Trade war history is not on Justin Trudeau’s side
In 1969, Canadian Prime Minister Pierre Trudeau reflected on his country’s relationship with the United States in a speech to the Washington Press Club. “Living next to you is in some ways like sleeping with an elephant,” he said. “No matter how friendly and even-tempered is the beast…one is affected by every twitch and grunt.”
His son Justin Trudeau, the current prime minister, might be tempted to describe the U.S. in even more colourful terms, given his recent diplomatic row with the Trump administration. It’s hard to believe that the two countries are on the brink of a war over tariffs, since Canada is second only to China as a trade partner of the U.S.
While the current fracas seems like a deviation from longstanding norms, it likely signals the revival of a much deeper history of acrimonious commercial conflict between the two nations. These conflicts have had profound consequences for Canadian politics. Justin Trudeau should take note.
After Canada’s first prime minister, Sir John Alexander Macdonald, came to power in 1867, he hoped to set up a free-trade relationship between his country and the U.S. These efforts failed. After losing power for several years, Macdonald regained his position as prime minister in 1878 by promising what became known as the “National Policy.”
This was Canada’s version of “America First”: It imposed very high tariffs on manufactured goods from the United States, with lower tariffs on raw materials needed by Canada’s fledging manufacturing sector. Macdonald’s policy became the new orthodoxy, and in his final successful re-election bid in 1891, the opposition Liberal Party went down to defeat after espousing reduced tariffs under a policy of “unrestricted reciprocity.”
The appeal of protectionism went well beyond economics. Many Canadians feared a commercial union with the U.S. would invite the absorption of their country by the elephant to their south. In fact, when the Liberal Party managed to secure a provisional free-trade agreement with the Americans in 1911, the Conservatives fanned fears that commercial reciprocity would lead to political annexation, and in the next election the Liberals lost.
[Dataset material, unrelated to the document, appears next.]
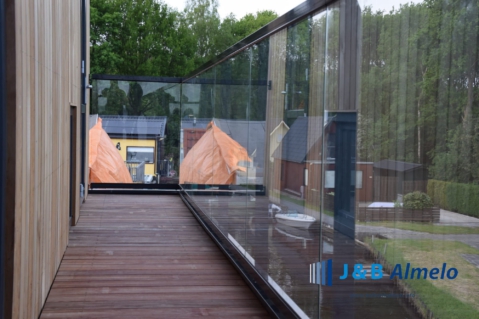 hekwerk met glas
For the remaining decades, Canada maintained its hostile stance toward free trade. The one time that trade barriers fell, between 1913 and 1921, it was the U.S. that unilaterally lowered tariffs on Canadian goods. After Congress reversed course with the passage of the Fordney-McCumber Tariff in 1922, cross-border trade resumed its usual contentious dynamic.
Predictably, the Liberal Party resumed its attempts to liberalize trade. Its leader, William Lyon Mackenzie King, hoped that lower tariffs would enable him to forge a winning political coalition. But the twitches and grunts of the elephant to the south ruined those plans.
In 1928, Herbert Hoover sought the Republican nomination. His platform included plans for higher tariffs on agricultural products, with Canada being the country most likely to suffer from these policies. After Hoover won the presidency, most Canadians doubted he would take any drastic measures. In 1929, the Toronto Globe expressed confidence that Hoover would “do everything in his power to discourage Congress from enacting drastic tariff increases whose chief effect would be to arouse resentment in Canada.”
But King, writing in his diary, expressed fears of a “tariff war developing,” and grimly predicted that Canada “could and probably would retaliate” if the United States made such a move. King hated the idea, but he knew that his Liberal Party was vulnerable on the issue. He proved prescient. Indeed, by this time, the new leader of the Conservative Party, Richard Bedford Bennett, was arguing that Canada should wall itself off from the U.S., and reorient its trade toward Great Britain.
In 1930, as the Great Depression began to cripple the global economy, Congress passed the infamous Smoot-Hawley Tariff Act, which slapped a host of costs on Canadian goods. Bennett lost no opportunity to slam King and the Liberals as weak in their dealings with the Americans.
In a campaign speech, Bennett fanned nationalist fervor, declaring: “I will not beg of any country to buy our goods. I will make [tariffs] fight for you. I will use them to blast a way into markets that have been closed.”
Bennett rode these promises to victory in 1930, driving King from office. Canada soon slapped retaliatory tariffs on the U.S. and deliberately steered its trade toward the British Empire.
But retaliatory tariffs couldn’t save Hoover and Bennett. Both went down to ignominious defeat thanks to the Depression, replaced by Franklin Delano Roosevelt and, yes, Mackenzie King. In the 1930s, these two leaders began crafting the first agreements to liberalize trade relations. This time, King managed to quell anxiety in Canada that it would become a vassal state of the U.S. In the postwar era, he used the General Agreement on Tariffs and Trade, signed in 1947, to lower barriers.
These efforts laid the groundwork for further liberalization of trade, including the Canada-United States Automotive Products Agreements and, eventually, the North American Free Trade Agreement. In the eyes of Donald Trump, it was precisely this liberalization that has left the United States vulnerable, necessitating a revival of retaliatory tariffs.
If Trump continues waging a trade war, this will almost certainly lead to a revival of old-fashioned Canadian nationalism. The Conservative Party could readily use the conflict to ride back into power, toppling Trudeau’s Liberals, much as the Conservatives did repeatedly so many years ago.
And while Canada can no longer turn to the British Empire to replace trade with the Americans, there are other options available. China is currently Canada’s second-largest trading partner. There is no reason the Chinese can’t eventually supplant the U.S. for the top spot.
Such a shift would come at the expense of American jobs, prestige and influence, while strengthening China. In the long run, that’s not going to Make America Great Again.